02 Jun - 11 Sep 2016

Alex Katz
Reflection 7, 2008
Photograph: Paul Takeuchi
© Alex Katz, DACS, London/VAGA, New York 2016
ALEX KATZ
Quick Light
2 June – 11 September 2016

The Serpentine presented the work of renowned American painter Alex Katz (b. 1927, Brooklyn, New York). This exhibition brought together Katz’s extraordinarily productive output of recent years alongside works from across his career in an installation that responded and related to the unique context of the Serpentine Gallery.

Coming of age as an artist in 1950s New York, Katz developed his unique approach to contemporary representational painting during the height of Abstract Expressionism.
Over the five and a half decades since his first exhibition in 1954, Katz has produced a celebrated body of work, including paintings, drawings, sculpture and prints.
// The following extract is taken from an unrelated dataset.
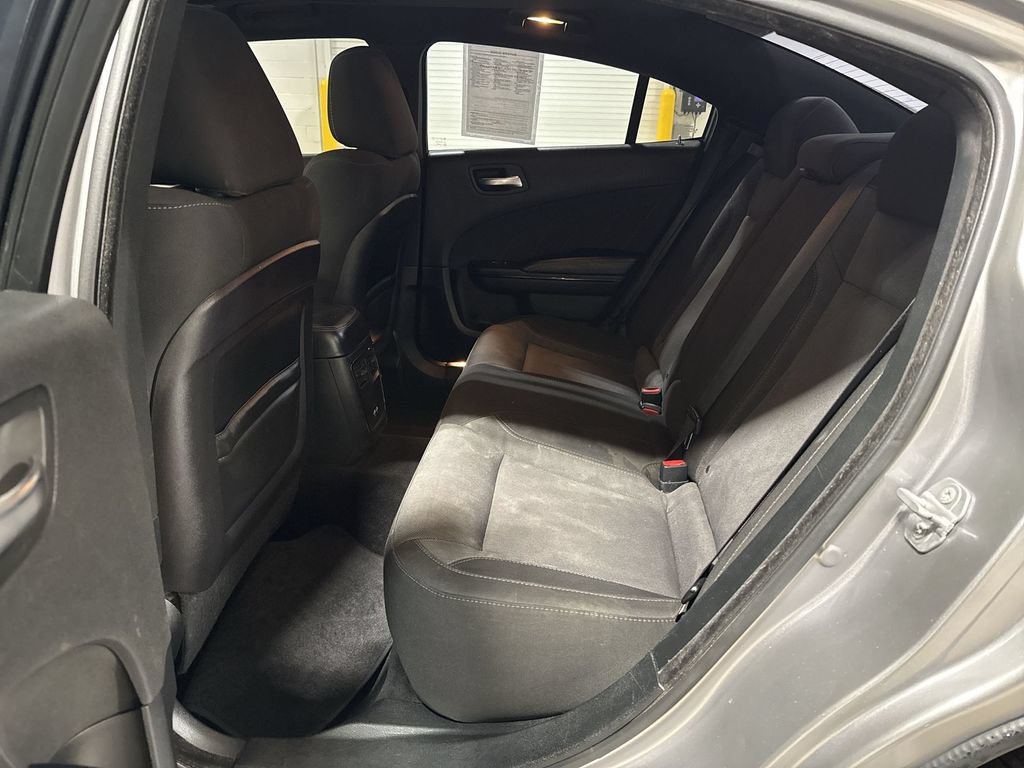 Used 2018 Dodge Charger R/T w/ Blacktop Package RWD image 23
Establishing himself as a pre-eminent painter of modern life, he was influenced by films, billboard advertising, music, poetry and his close circle of friends and family. His portraits and landscapes are characterised by their flatness of colour and fluidity of line, reinventing both genres within the context of abstract painting and contemporary image-making.

The Serpentine exhibition took landscape as its focus, bringing together Katz’s extraordinarily productive output of recent years alongside select works from the past two decades. Katz’s landscape paintings exemplify his life-long quest to capture the present tense in paint. Regardless of their scale, Katz describes these paintings as ‘environmental’ in the way in which they envelop the viewer. Defined by temporal qualities of light, times of the day and the changing of the seasons, these paintings responded and related to the unique context of the Serpentine Gallery in Kensington Gardens. The exhibition also included a recent series of portraits.

Installed outside the Serpentine Gallery Ada, (wind vane) is a flat sculpture which is part of Alex Katz’s ‘cut-outs’ – a body of work that dates back to 1959 when he began to cut out figures from his paintings to emphasise the two-dimensionality of painting. The sculpture is a functioning wind vane and a freestanding portrait of the artist’s wife and life-long muse, Ada, who is the subject of many of his works, including a painting in the exhibition at the Serpentine Gallery. Inspired by billboard advertising and the experience of going to the cinema, Katz characteristically employs an oversized format in his painted and sculptural portraits in order to play with the viewer’s sense of scale. This sculpture expanded the exhibition Quick Light beyond the walls of the Gallery connecting Katz’s work with the Serpentine’s parkland surroundings.

Katz draws parallels between his approach to painting and his interest in poetry, both equally concerned with stripping away unnecessary detail to leave only the essential information. This relationship between language and the painting process was echoed in the work of painter, poet and filmmaker Etel Adnan, shown in parallel at the Serpentine Sackler Gallery, whose landscapes are similarly defined by their bold colour and simplified form that is nevertheless rooted in keen observation of the world around her.